The NPG’s core system was developed from scratch using C++ and system programming concepts to provide an integrated data technology stack. A native graph storage engine (GSE) was developed to co-locate with the graph processing engine (GPE) for fast and efficient processing of data and algorithms.
The GPE is designed to provide built-in parallelism for a MapReduce-based computing model available via APIs. The graph is optimally stored both on disk and in-memory, allowing the system to take advantage of the data locality on disk, in-memory and CPU cache.
The TigerGraph system performs efficient data compression to take further advantage of the memory and CPU cache. The compression ratio, input data size to output graph size, varies with the data and structure; however, a 10x compression ratio is very common.

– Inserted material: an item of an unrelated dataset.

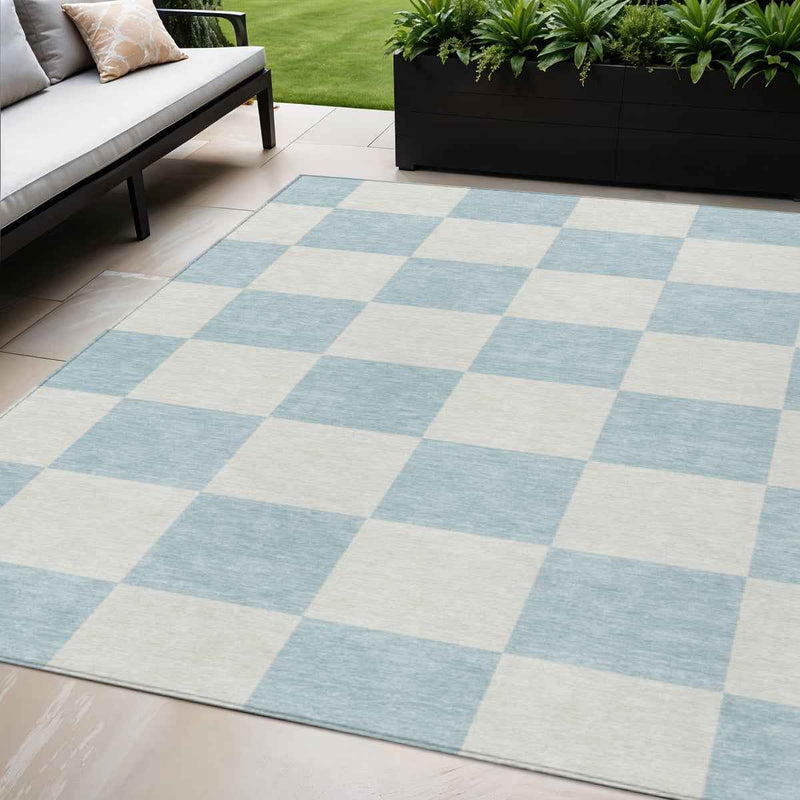 5' X 8' Sky Blue And Ivory Geometric Washable Indoor Outdoor Area Rug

For example, 1TB of input data when transformed and loaded in the graph requires only 100GB of system memory.
Such compression reduces not only the memory footprint, but also cache misses, speeding up overall query performance.
Each vertex and edge in the graph acts as a parallel unit of storage and computation simultaneously.
With this approach, the graph is no longer a static data storage collection; it is a massively parallel computation engine. Vertices can send and receive messages to each other via edges.
A vertex or an edge can store any amount of arbitrary information. The TigerGraph system executes compute functions in parallel on every vertex/edge, taking advantage of multi-core CPU machines and in-memory computing.
The TigerGraph system supports a variety of graph partitioning algorithms. In most cases, automatic partitioning performed on the input data delivers great results without requiring optimization and tuning. But the flexibility in the TigerGraph system allows application-specific and other mixed partitioning strategies to achieve even greater application performance.
The TigerGraph system can also run multiple graph engines as an active-active network. Each graph engine can host identical graphs with different partitioning algorithms tailored for different types of application queries. The front-end server (generally a REST server) can route application queries to different graph engines based on the types of query.
The TigerGraph NPG offers a transformational technology, with significant clear advantages over the most well-known graph database solutions on the market.
Despite its comprehensive and well-documented graph database functionality, the current leading solution is considerably slower in comparison. In benchmark tests, the TigerGraph NPG can load a batch of data in one hour, while the other solution requires a 24-hour day.
Further, by offering parallelism for large scale graph analytics, the NPG supports graph parallel algorithms for Very Large Graphs (VLGs) – providing a considerable technological advantage which grows as graphs inevitably grow larger. The NPG works for limited, fast queries that touch anywhere from a small portion of the graph to millions of vertices and edges, as well as more complex analysis that must touch every single vertex in the graph itself. Additionally, the NPG’s real-time incremental graph updates make it suitable for real time graph analytics unlike other solutions.
As we consider the NPG, an advantage lies in the fact that it represents graphs as a computational model. As discussed previously, compute functions can be associated with each vertex and edge in the graph, transforming them into active parallel compute-storage elements, in a behavior identical to what neurons exhibit in human brains.
Vertices in the graph can exchange messages via edges, facilitating massively parallel and fast computation. The NPG offers a completely new computation paradigm which was absent from previous models, making it poised to become a truly transformational technology.